# Newbies From The North, An Intro And Info Post



## Guest (Oct 11, 2008)

Greetings all!
As I write this I am sitting on the balcony of my penthouse suite over looking the fall colors on the face of Blue Mountain. 
My girlfriend has family in the Wasaga Beach area that we are visiting for thanksgiving, and we decided to have a nights get away at the Blue Mountain Resort.

If you have never been during the thanksgiving season, it's a must, with the "turkey sale tent event" all equipment and clothing, etc, are 50 60, 70, and even 80% off.

Which brings me to this forum, we have been bitten by the wanting to try boarding bug. She has never so much as downhill skied, I have a few times and quite enjoyed it, but both of us have friends who snowboard and find the possiblity of us partaking, quite exciting.

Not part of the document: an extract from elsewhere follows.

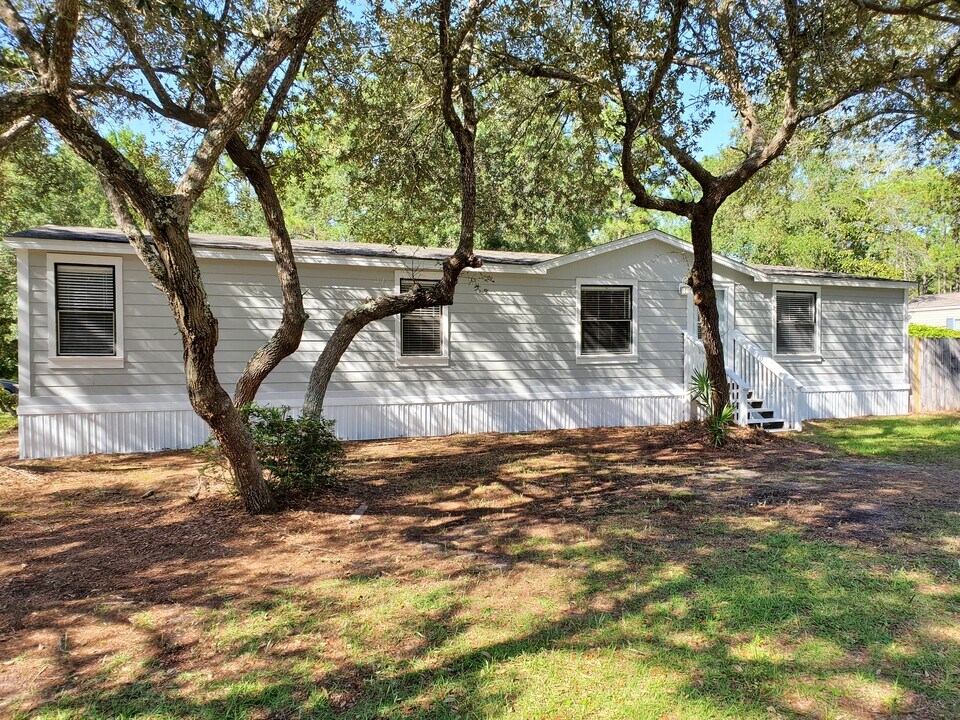 990 Chat Holley Rd in Santa Rosa Beach, FL - Building Photo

After talking it over we decided that this winter we are going to partake in lessons from a certified instructor at our loca hill.

I am 25 and she is 30, we are looking for advice, that should we enjoy our lessons and the sport, and decide to get into it, what equipment we should look at purchasing. We don't need top of the line half pipe shredding gear as that is not our intentions, something comftorable, durable, and reasonably priced, (and fashionable according to the mrs  ) that will last us a few seasons. 

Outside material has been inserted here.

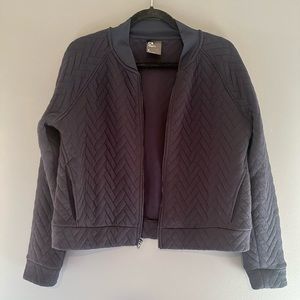 Gap Fit zip up jacket Women’s size small quilted pattern navy blue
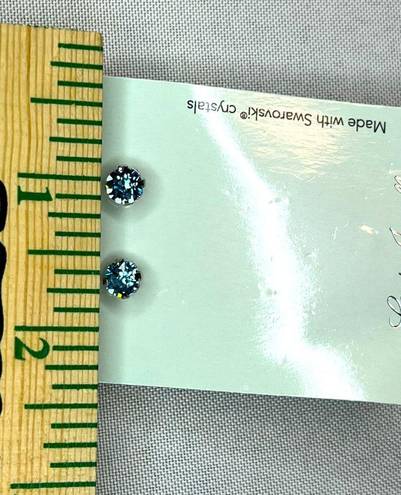 Swavorski NWT Swarovski Crystal Blue solitaire earrings. Laura Janelle Cousin SLEEK stud 2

Our goal is to have some fun and laughs and spills on the hill, carving and taking in the scenery. I am 6 feet tall and just about 300 lbs, I am very active and play on a competitive hockey and baseball team, as well as paintball, hunt, fish, camp, golf, race and jump sport quads, and powder carve and hill climb with my snowmobiles.

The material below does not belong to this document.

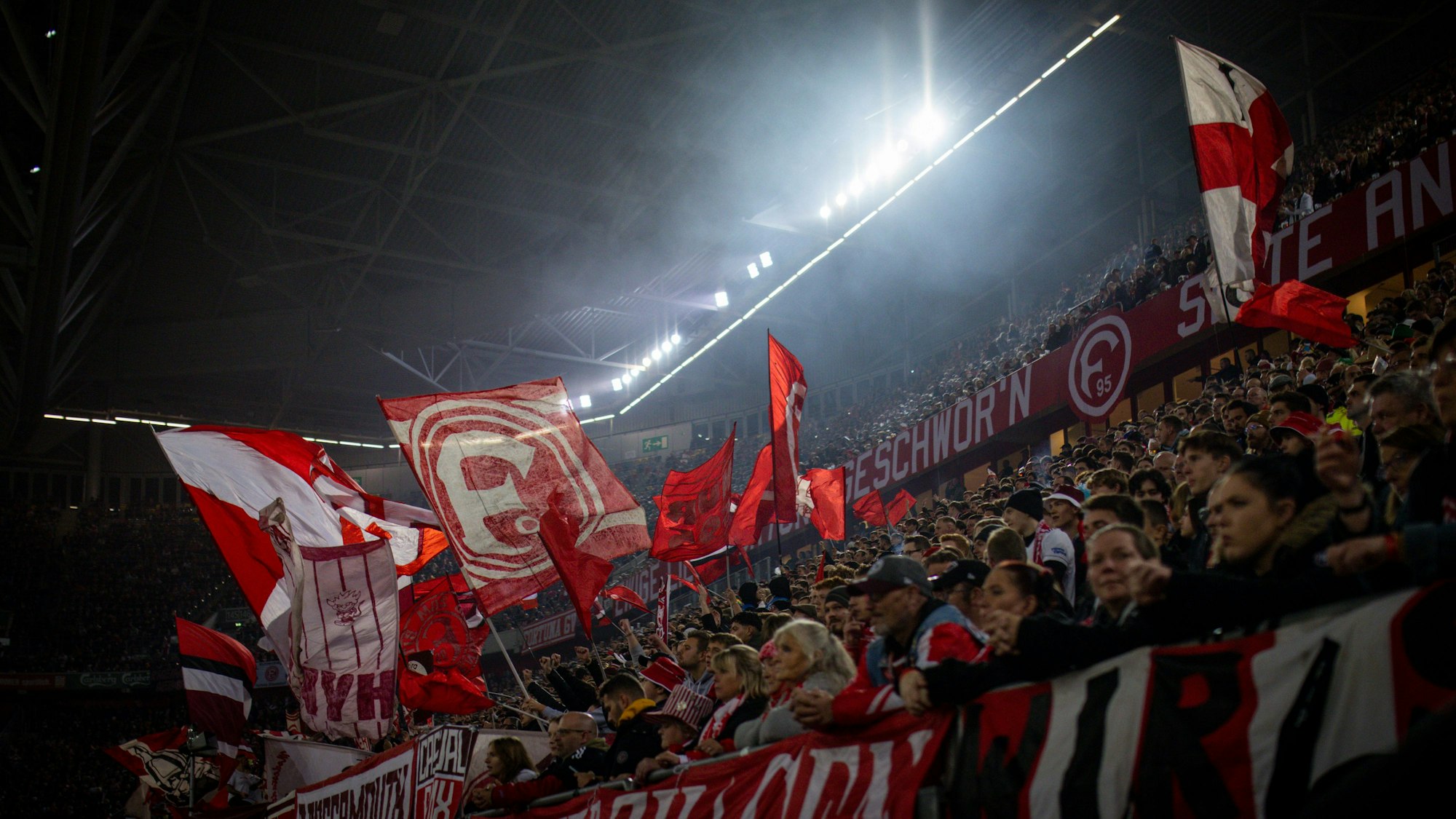 Fans von Fortuna Düsseldorf schwenken beim Heimspiel gegen den 1. FC Kaiserslautern ihre Fahnen.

My girlfriend is about 5'4 and won't tell me her weight, however I will just throw a number out, around the 200lb mark. She is also very active, plays baseball, snowmobiles and four wheels.

I look forword to being a part of this forum, and sharing our new adventure with the rest of you enthusiast, and hearing your feedback.

Sincerely`

smijy & burgs


----------



## Guest (Oct 12, 2008)

*From my newb exp last year, here's my 0.02 so far...*

So she's active but on the heavier side for her height then... my friend I go snowboarding with is that way too (she's into softball, very active, but a larger girl, etc.). You're both going to fall a lot so make sure you have baggy pants with a lot of room. My friend ripped a seam in her pants (right on the crack!) last year... I'm still a newb myself but for attire have found that I prefer pants and a jacket that has a lot of pockets (so you can carry your camera for the first snowboarding blunder picture memmories... cash & ID if you're planning on hanging out in a lodge/getting a drink/buying food/etc... car keys, etc...) 

I don't know if her weight/size had anything to do with it but for some reason my friend had an awful time getting up compared to me... some people just get up naturally while others really struggle, but even when she turned over and faced the mountain, she had a hard time just flipping herself over... some of the boards she was demo'ing didn't help because they were so heavy and outright painful when she was up on the lift...but all that was just trial & error/learning for her...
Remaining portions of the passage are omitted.